About two weeks ago, a television channel was discussing the election of the Pope. The anchor said that when the elector cardinals enter the Sistine Chapel and close the door and they begin to think who the next pope should be, there is a momentum taking place there. Then he said: 'Momentum' is a secular word. The Church would call it the 'Holy Spirit'. His observation was very interesting and at the same time accurate. No matter what considerations, ideas and influences from the outside come in, when they are together inside, a decision emerges from them that defies all expectations and calculations. In 2013, media outlets around the globe had published a short list of very talented, famous and influential cardinals who could be elected the pope. Jorge Mario Bergoglio was not one of them. This time too, the world's leading media outlets published their speculations and final lists. Not only the secular media, but also the Catholic media did so. Not one of them mentioned Cardinal Robert Francis Prevost as a probable candidate. Again, the same thing happens, right? All calculations made with human considerations went wrong. As the Romans say, "All who come in as popes would return as cardinals; one who came in a cardinal would reign as the pope." Meaning, against all expectations the unexpected becomes the pope.

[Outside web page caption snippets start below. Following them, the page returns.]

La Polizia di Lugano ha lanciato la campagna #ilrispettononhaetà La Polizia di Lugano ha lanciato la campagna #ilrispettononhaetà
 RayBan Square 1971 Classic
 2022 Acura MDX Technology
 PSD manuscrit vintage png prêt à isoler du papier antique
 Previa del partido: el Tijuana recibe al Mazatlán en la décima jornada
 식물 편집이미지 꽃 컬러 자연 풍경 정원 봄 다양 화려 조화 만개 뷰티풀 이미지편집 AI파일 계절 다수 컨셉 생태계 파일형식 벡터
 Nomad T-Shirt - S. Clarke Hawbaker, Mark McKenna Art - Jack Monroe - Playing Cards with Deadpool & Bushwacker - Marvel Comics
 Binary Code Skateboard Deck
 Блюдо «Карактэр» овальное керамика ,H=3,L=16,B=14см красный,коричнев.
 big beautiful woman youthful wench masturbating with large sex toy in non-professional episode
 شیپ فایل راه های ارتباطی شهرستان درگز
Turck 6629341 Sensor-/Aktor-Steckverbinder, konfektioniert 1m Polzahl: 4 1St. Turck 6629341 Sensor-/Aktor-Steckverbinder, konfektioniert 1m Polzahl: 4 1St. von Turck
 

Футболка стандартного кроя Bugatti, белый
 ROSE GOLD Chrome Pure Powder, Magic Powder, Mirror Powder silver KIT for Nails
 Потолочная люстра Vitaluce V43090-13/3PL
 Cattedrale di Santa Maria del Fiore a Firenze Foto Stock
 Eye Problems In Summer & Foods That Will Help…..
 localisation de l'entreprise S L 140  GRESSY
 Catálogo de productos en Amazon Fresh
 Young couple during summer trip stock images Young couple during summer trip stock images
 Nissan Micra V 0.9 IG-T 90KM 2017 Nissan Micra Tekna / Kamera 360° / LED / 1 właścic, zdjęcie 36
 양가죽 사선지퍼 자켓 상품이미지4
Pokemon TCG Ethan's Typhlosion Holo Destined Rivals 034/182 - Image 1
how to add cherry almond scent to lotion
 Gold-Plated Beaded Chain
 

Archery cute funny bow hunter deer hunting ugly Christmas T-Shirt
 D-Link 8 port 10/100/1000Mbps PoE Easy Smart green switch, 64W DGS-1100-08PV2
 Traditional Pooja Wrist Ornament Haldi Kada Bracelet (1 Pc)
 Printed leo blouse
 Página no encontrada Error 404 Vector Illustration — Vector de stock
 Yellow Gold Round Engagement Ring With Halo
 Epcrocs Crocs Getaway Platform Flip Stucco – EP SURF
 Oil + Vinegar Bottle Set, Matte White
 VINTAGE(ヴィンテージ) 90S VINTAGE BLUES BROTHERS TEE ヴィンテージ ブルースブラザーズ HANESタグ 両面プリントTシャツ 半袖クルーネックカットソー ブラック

Thus, Leo XIV is the 266th successor of the Apostle Peter. If Pope Francis was the first Jesuit to be elected pope, Pope Leo XIV is the first Augustinian to be elected pope. The Augustinian Order, of which he is a member, was a mendicant order founded in 1244, shortly after the formation of the Franciscan Order. Not many people have been elected pope from outside Italy or France. Therefore, after John Paul II, Benedict XVI and Francis, Leo XIV is the fourth consecutive pope from outside Italy or France. After Eastern Europe, Western Europe and South America, now North America is also on the papal map.
The first encyclical I read in my life was 'Rerum Novarum': written in 1891. It was written by Pope Leo XIII. It was the first social encyclical in the history of the Church. That is why there seems to be reason to suspect that Leo XIV will be a successor to Leo XIII. The new Pope is said to be progressive in social matters, conservative in church matters, and moderate in some areas. As someone who has served as a priest, and as bishop in the South American country of Peru, as a Prior General of the Augustinian Order, as a person who has traveled to various parts of the world and personally comprehend the ground realities in poor countries of the South, as once a member of the Vatican Dicastery for Clergy, as the head of the Vatican Dicastery for Bishops, and as a participant in the 2019 Amazon Synod and the Synod on Synodality, it is reasonable to believe that the new Pope is someone who knows exactly the situation of the world and the Church.
I remember learning a question in a old time poem like which means 'Why care to build a dam when all the water has flowed away?' The prayer at this moment is that he may be able to build the dam while there is still some water.